Respiration begins with glucose entering the glycolysis cycle (in the cytoplasm of the cell), where it is broken down through a series of reactions into pyruvate. Pyruvate undergoes oxidation (now in the matrix of the mitochondria), and is bonded to CoA, forming Acetyl CoA (CoA = Coenzyme A). Acetyl CoA is used in the Krebs cycle and is oxidized, releasing electrons to NADH and FADH2. These reduced molecules are then used in the electron transport chain (ETC), where they pass their electrons to protein complexes in the mitochondria's membrane. These proteins are channels for hydrogen ions (protons). When these channels open protons flow through to the other side of the membrane. A gradient is then created and this causes the protons to flow through another enzyme complex called ATP synthase. This enzyme is somewhat like a turbine, and using the proton gradient creates ATP. The protons then bind to oxygen molecules and pick up an electron, making water, one of the by products of cellular aerobic respiration. CO2 is also a by-product, through decarboxylation (removal of carbon, along with an oxygen molecule - in this case (CO2)) during pyruvate oxidation, and the Krebs Cycle.

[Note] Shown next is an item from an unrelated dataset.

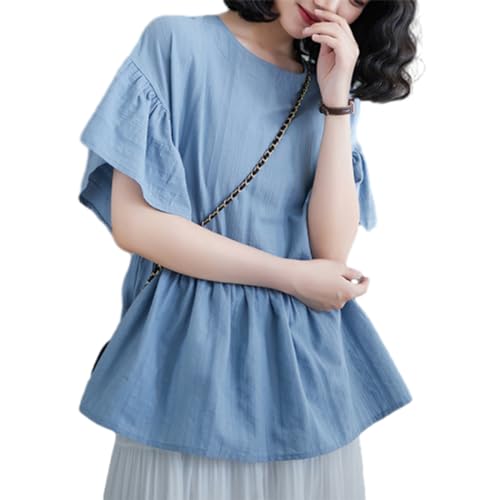 【送料無料】[ORWZDCO] シャツ レディース ブラウス トップス 半袖 丸首 カットソー フレアスリーブ 無..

Photosynthesis on the other hand converts photons to ATP through the light dependent reactions within the chloroplasts, via use of photosystems. Water gives up an electron to a photosystem which becomes excited when hit by photons. This excited electron is passed along a chain on the thyllakoid disk, similar to the membrane of the mitochondria, and used to produce the same product. The excited electron goes to a proton pump, which creates a gradient, and the gradient through diffusion causes protons to goes through another enzyme, similar to ATP synthase. The electrons are then picked up by NADPH, similar to NADH and FADH2 in animal cells. These molecules are then used in the light independent reactions - Calvin Cycle. In which CO2 is converted into glucose through introduction of ATP and NADPH.
- This is somewhat of a rough overview, hopefully it's enough for you. Sorry I kinda skimped out on photosynthesis at the end.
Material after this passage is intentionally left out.